An attempt to amend last year’s petroleum profits tax moved in both House and Senate, passing in the Senate, but never reached a final vote in the House.

The bills would have added costs resulting from improper maintenance or lack of maintenance to the list of items companies cannot claim as lease expenditures in calculating taxes due under PPT.

House Democrats called for a floor vote May 16 to move Senate Bill 80, the PPT amendment, out of House Finance. The vote failed on party lines, 16 yeas to 23 nays.

House Bill 128, which passed House Oil and Gas, Resources and Judiciary, is also in House Finance.

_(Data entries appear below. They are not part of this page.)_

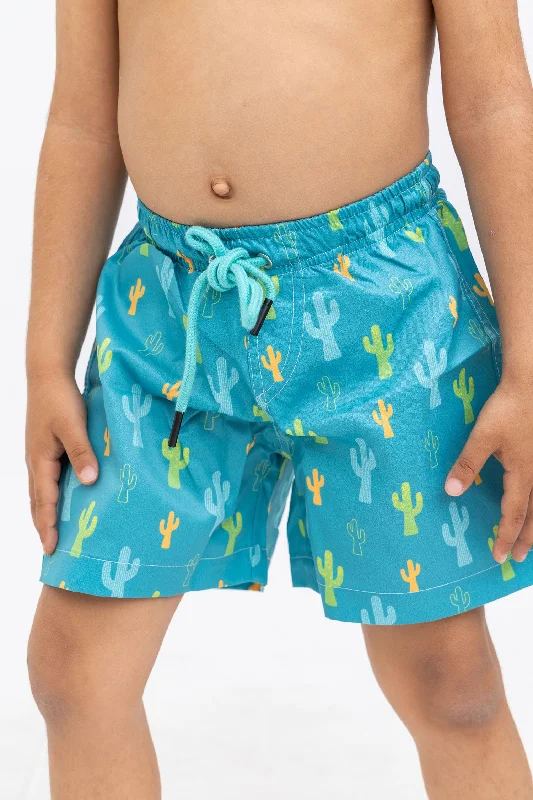 Boys Cactus Swimsuit - Dragonfly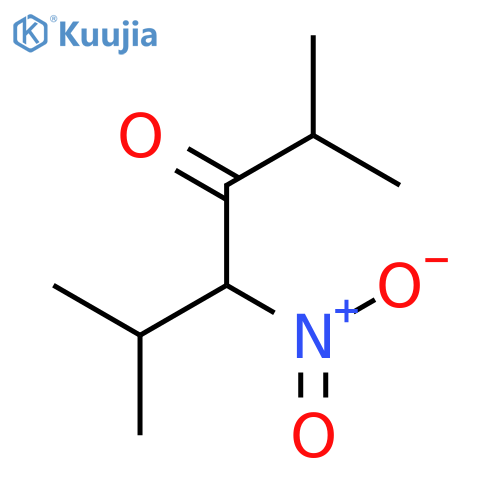 3-Hexanone, 2,5-dimethyl-4-nitro- structure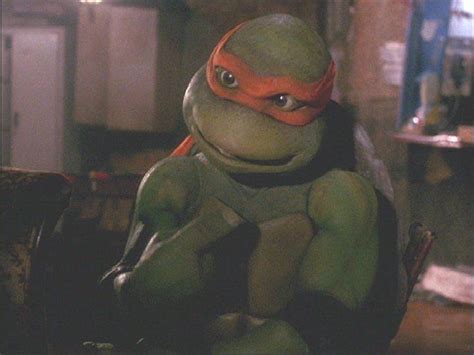 Teenage Mutant Ninja Turtles Movie Michelangelo Teenage Mutant Ninja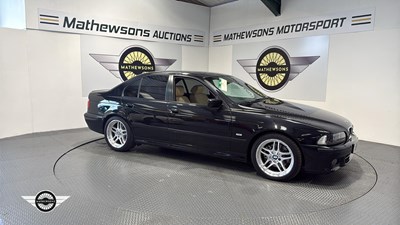 Lot 456 - 2002 BMW 530 I SPORT EDITION AUTO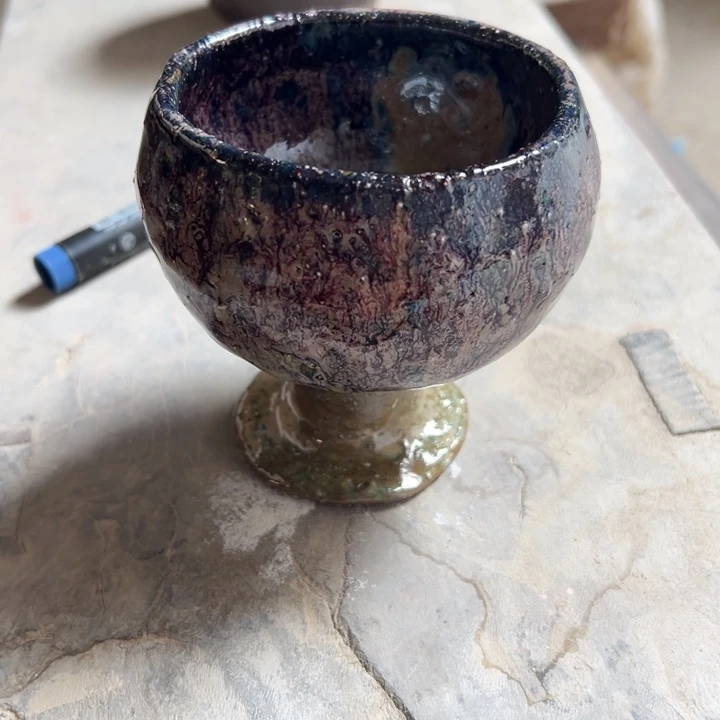 思***彤盘懿树手捏餐具咖啡杯茶具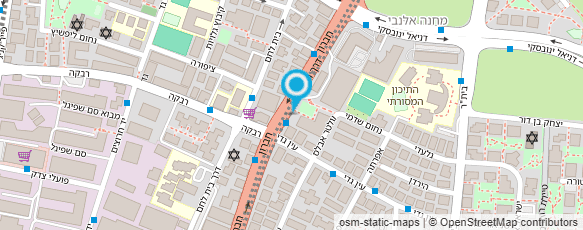 מפת הגעה אל ד"ר רוטקוף זאב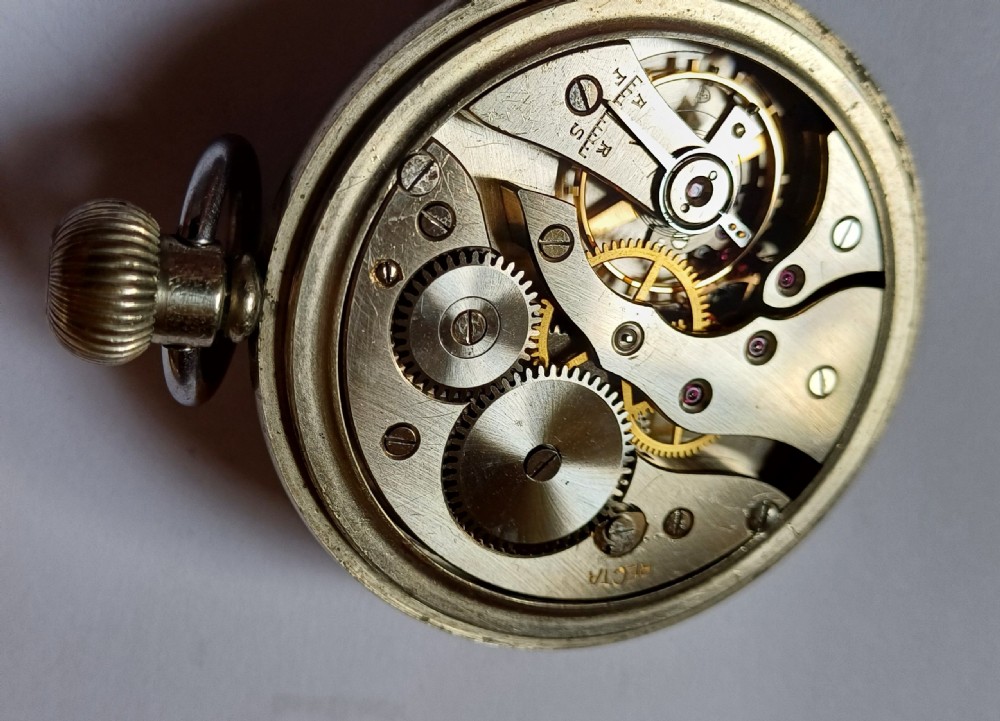 Southern Railway issued Station Master or Guards pocket watch No S.R. 4181, by Recta, dating circa 1935 View IX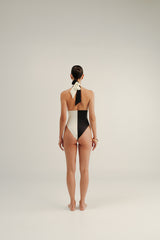 CARA O SOL ONE PIECE - BLACK/IVORY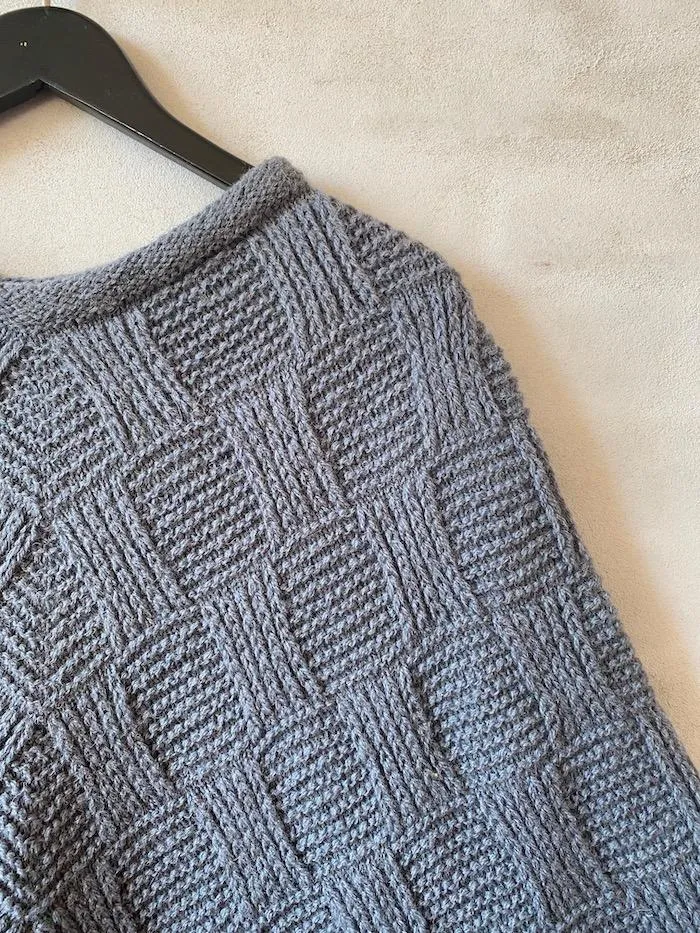 Viva poncho by Hanne Falkenberg, No 20 Knitting kit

In the Senate, Tom Wagoner, R-Kenai, moved that the Legislature extend the session by 10 days to deal with remaining issues including PPT. Wagoner, the Senate sponsor of SB 80, is a member of the five-member Republican minority; the vote failed 5 yeas to 14 nays.

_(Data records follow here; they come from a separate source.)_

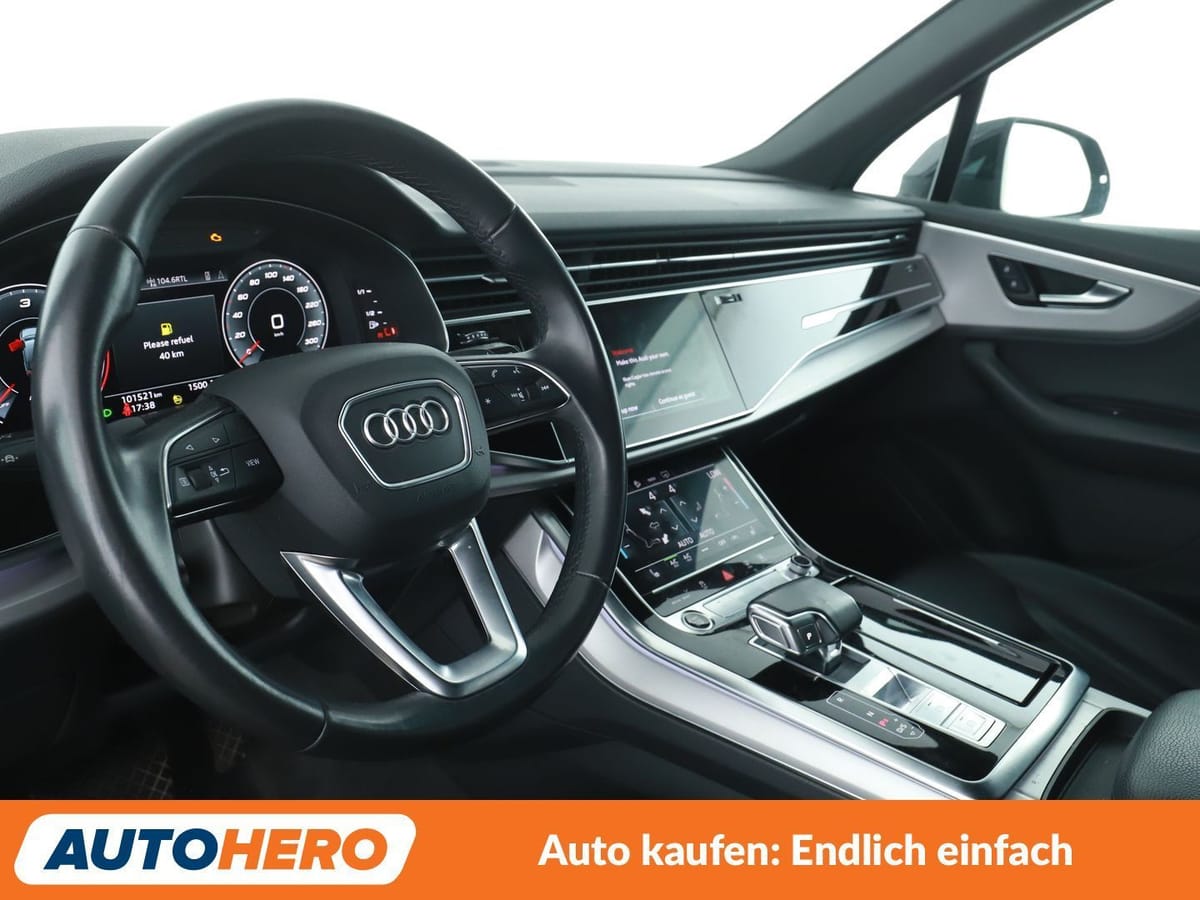 Audi Q7 50 TDI Mild-Hybrid quattro S line Aut.*NAVI* foto 11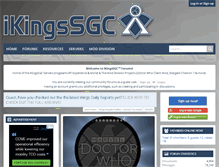 Tablet Screenshot of ikingssgc.com
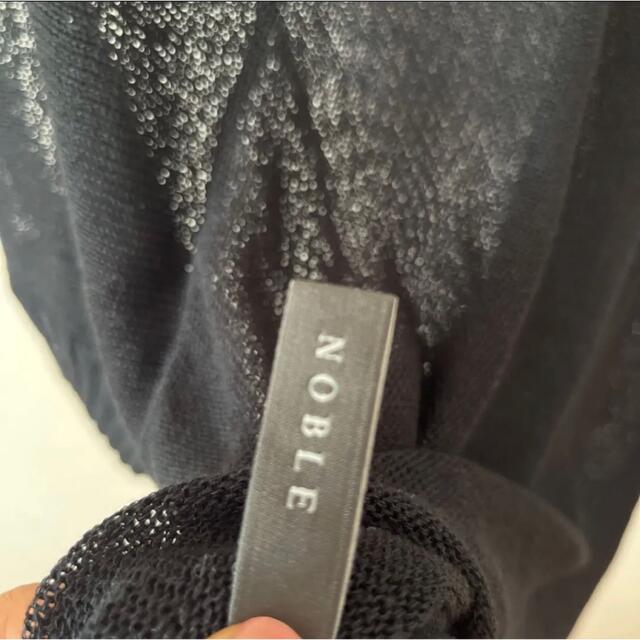 Noble(ノーブル)のNOBLE シアーサマーニット レディースのトップス(ニット/セーター)の商品写真
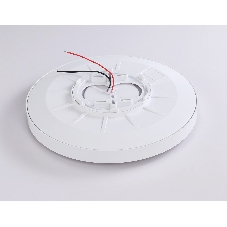 Потолочный светодиодный светильник Ambrella light FZ1247 WH/BK белый/черный IP54 20W 5000K D300*60 (Без ПДУ)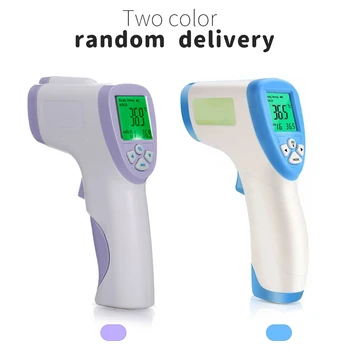 

Non-Contact Forehead Thermometer Kids Adults Fast Test Forehead Temperature Measurement Infrared Fever Thermometer for Body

SB 80 cleared Senate Finance May 8 and passed the Senate 20 to 0 May 10. The bill was referred to House Finance May 11; a hearing scheduled for May 12 was postponed.

HB 128 was introduced Feb. 12, heard and passed out of Oil and Gas; it went to House Resources early in April where it was heard, held and finally assigned to a subcommittee. A vote to move the bill out of Resources failed in early May; then members agreed to move the bill if a Judiciary Committee referral was added. Judiciary heard the bill and moved it May 8; it has been in Finance since. No hearing has been held.

Special session likely this fall

Gov. Sarah Palin said May 17 that she thought SB 80 should have passed.

The subject will likely be taken up in a special session, the governor said.

“We need to revisit PPT. I think we shouldn’t have to ask for anymore evidence to surface that explains why we have to revisit oil taxes. Our oil tax formula was changed under a dark cloud of suspicion. We’re going to clear it up. And the FBI is already clearing some of it up for us.”

The best way to revisit PPT is a special session, the governor said. “It should be in the fall after we have time to fully evaluate the PPT rates … (and) we can present facts, figures, data to the lawmakers.”

Time is also needed to debate a gross tax vs. PPT, she said.

Palin said she’s been told fall is the best time for a special session, “after fishing season but before hunting season.”